_TASK OBJECTIVE_
Give back the data below word for word. Any image in it should be left out.

_DATASET CONTENT_
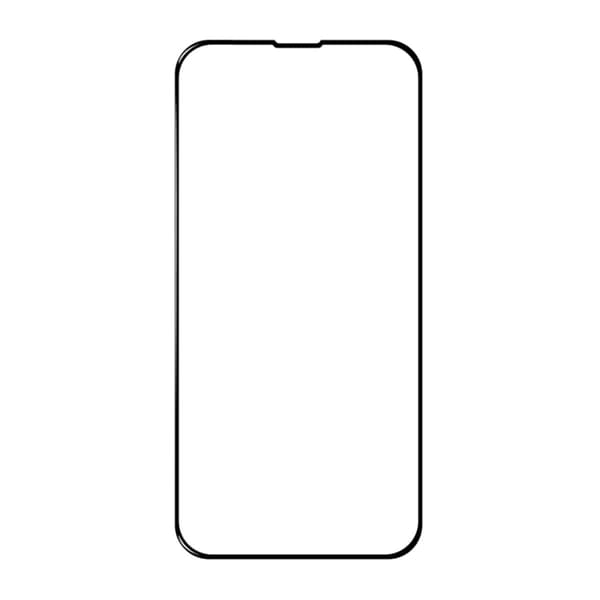 Screen Protector iPhone 13 Pro Max /14 Plus  - 3D Tempered Glass Black RV- Bulk with frame -20 pcs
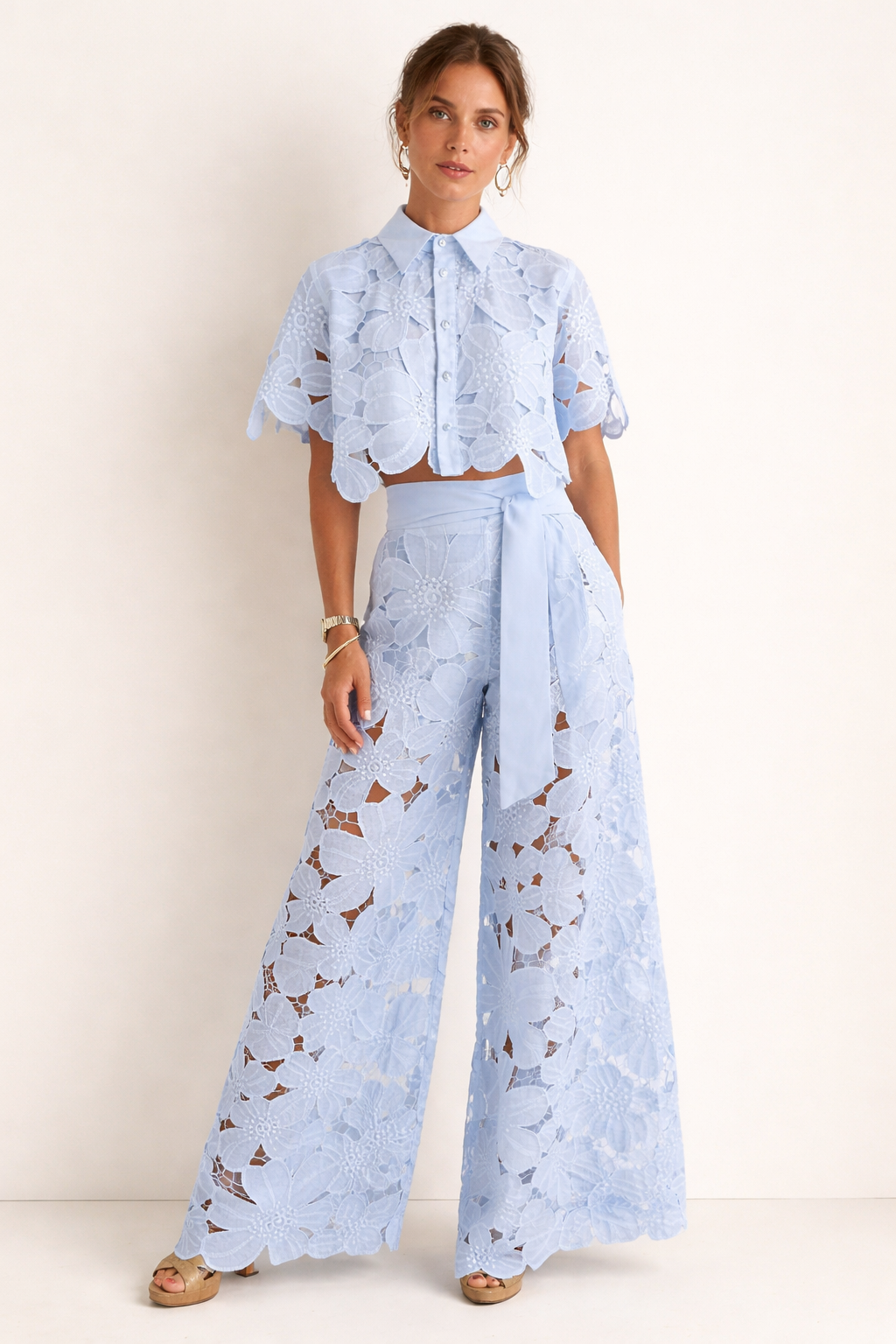 Ensemble Femme 2 Pièces Élégant à Motif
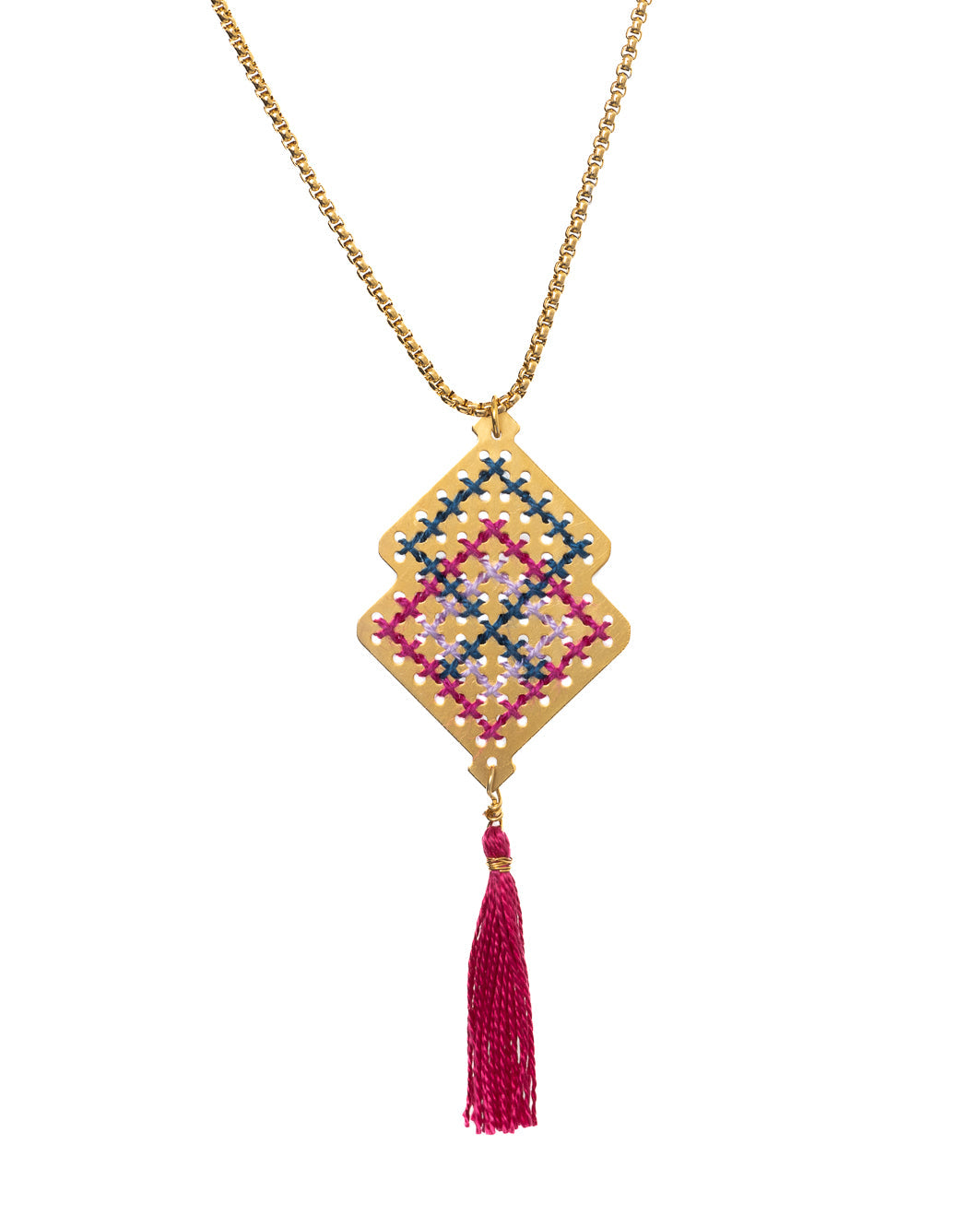 Kare Necklace with Tassels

_EXERCISE OUTPUT_
 Screen Protector iPhone 13 Pro Max /14 Plus  - 3D Tempered Glass Black RV- Bulk with frame -20 pcs
 Ensemble Femme 2 Pièces Élégant à Motif
 Kare Necklace with Tassels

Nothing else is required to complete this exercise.